This past weekend at Vanaprastha, rain gently soaked the mountain landscape. Water dripped off gable ends, travelled through gutters and drainpipes and coursed down ditches along the driveway. During downpours, gullies also appeared, moving organic debris, soil and rocks down steep-pitched forest, meadow and road. I observed with interest the paths that the water chose, both natural patterns and adaptations to recent construction.
One of our on-going projects is erosion prevention, moving rocks into natural drainage paths and planting seeds to hold the soil and stabilize the land. It has occurred to me that rock moving might be a Sisyphean task – note this particular slope rebuilt this morning after another collapse. I suppose that all efforts could seem like Sisyphus’. Time eventually wears down people, and mountains.
So what am I to make of my efforts?
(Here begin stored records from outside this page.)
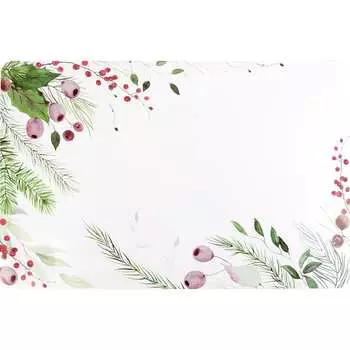 Набор салфеток плейсматов Nouvelle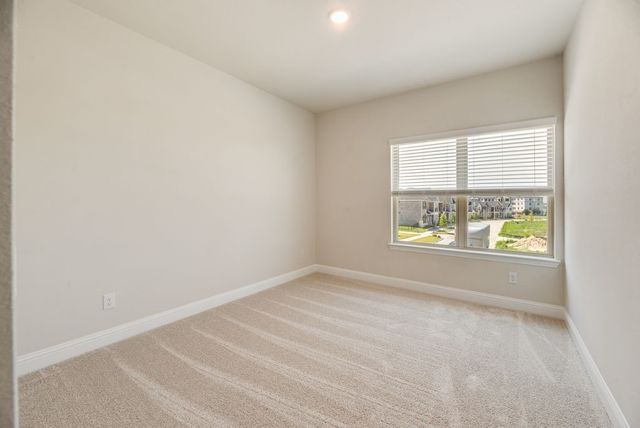 8309 Bayside Drive, Rowlett, TX 75088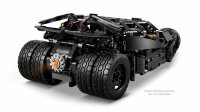LEGO Technic 42239 Batmobile™ Tumbler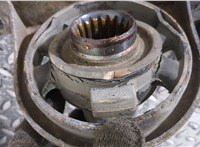  Кардан Volkswagen Crafter 2006-2016 20333886 #3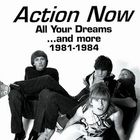 All Your Dreams...And More 1981-1984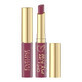 Eveline Cosmetics Oh! My Kiss Lipstick Lipstick 14 See U Justine, 1.5 g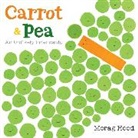Morag Hood, Morag Hood - Carrot And Pea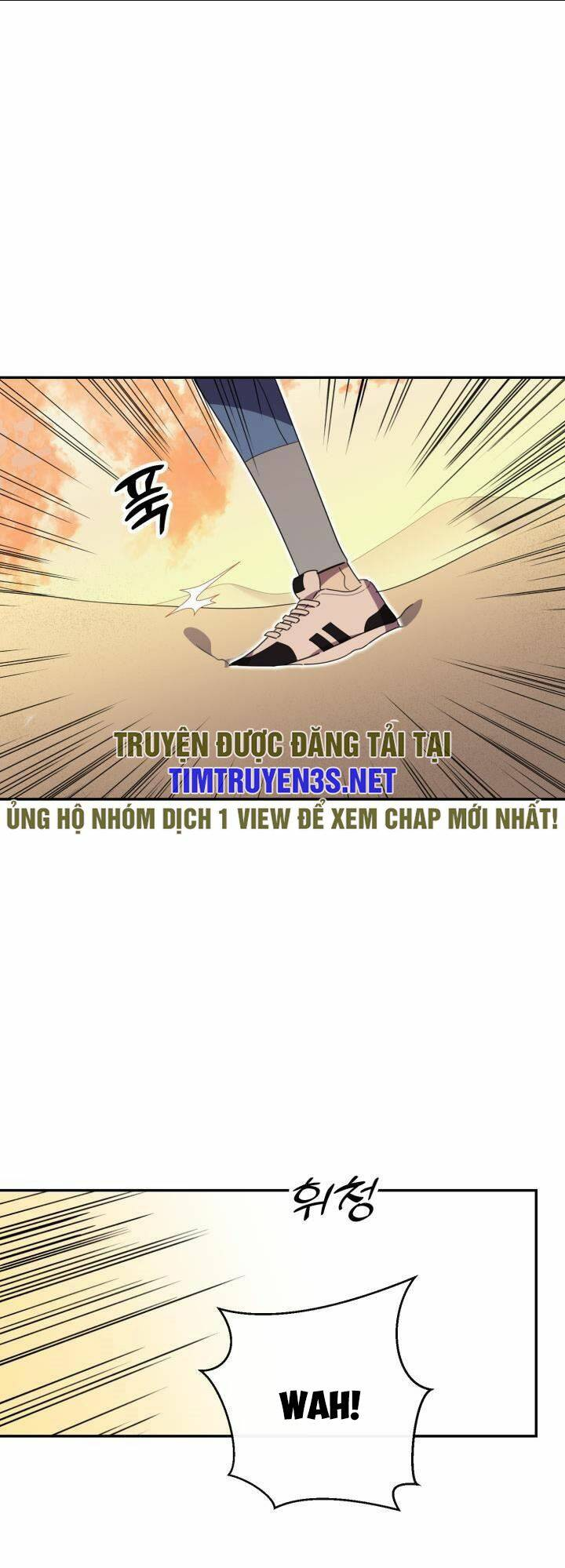Chương 24 - Trang 24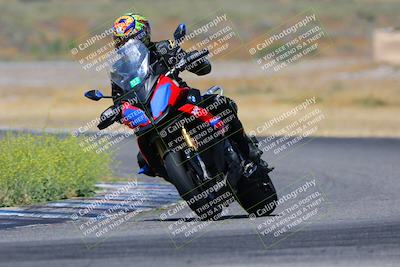media/May-28-2023-Lets Ride (Sun) [[7acf226b67]]/C Group/240pm (Sunrise)/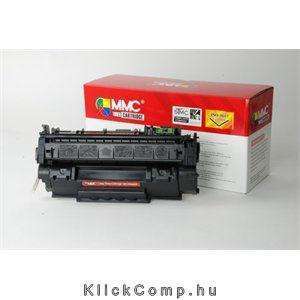 Eladó Már csak volt!!! MMC HP Q5949X toner (6000 lap) ( 12 hónap ) - olcsó, Új Eladó Már csak volt!!! - Miskolc ( Borsod-Abaúj-Zemplén ) fotó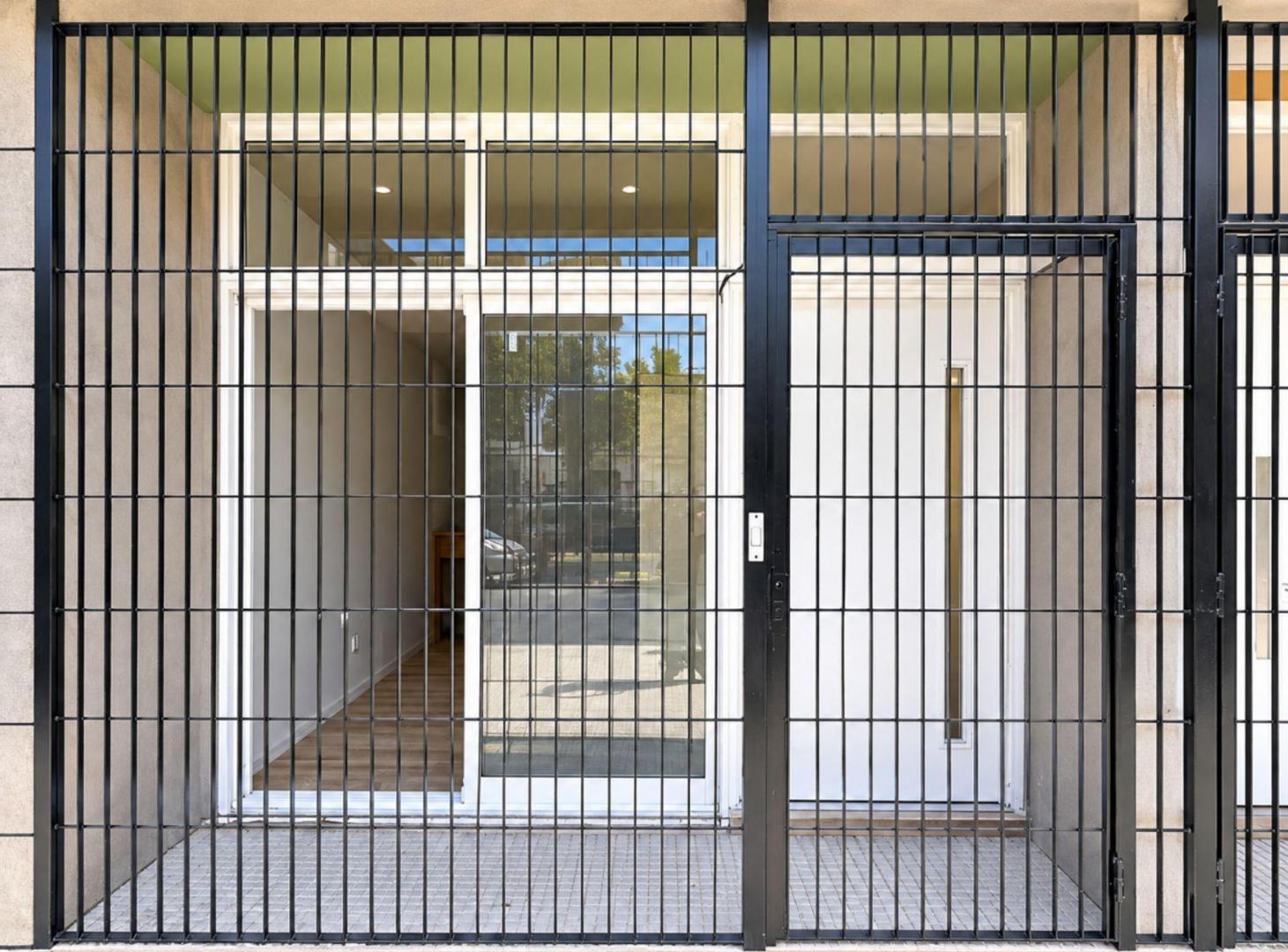 Foto de VENTA Depto 2 Amb. A ESTRENAR en "VELEZ SARFIELD", imagen 4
Is life only repetitive sunrise and sunset, rhythmic waves that heave and dissipate, rigorous labor for nothing? I think not, and this is why.
In my adult life, I have always had a sense of mission. Whether teaching students, raising children or writing, I hear the call to seek knowledge about when to move what rocks, how and where and with whom. I don’t always know why I’m supposed to move a particular rock, but I enjoy the labor, sometimes in solitude, sometimes with others, and planting seeds along the way. Occasionally, we see results, at least the beginnings, as with these rocks and thriving clumps of perennial mint spreading on the slope under the deck outside the basement door, or our children leaving home to pursue their missions.
Will all rocks that I move stay where I place them? Will all seeds that I plant bear fruit? No and no, and sometimes that is due to my ignorance. Sometimes change was meant or not meant to be. And as my Noontimes friend Sarah Myers often says, “That is as it should be.”
Will I fail? Will I become discouraged? Yes and yes, but as long as I live, when the sunrises, you’ll find me out seeking knowledge, moving rocks and planting seeds.
What rocks and seeds do you move and plant?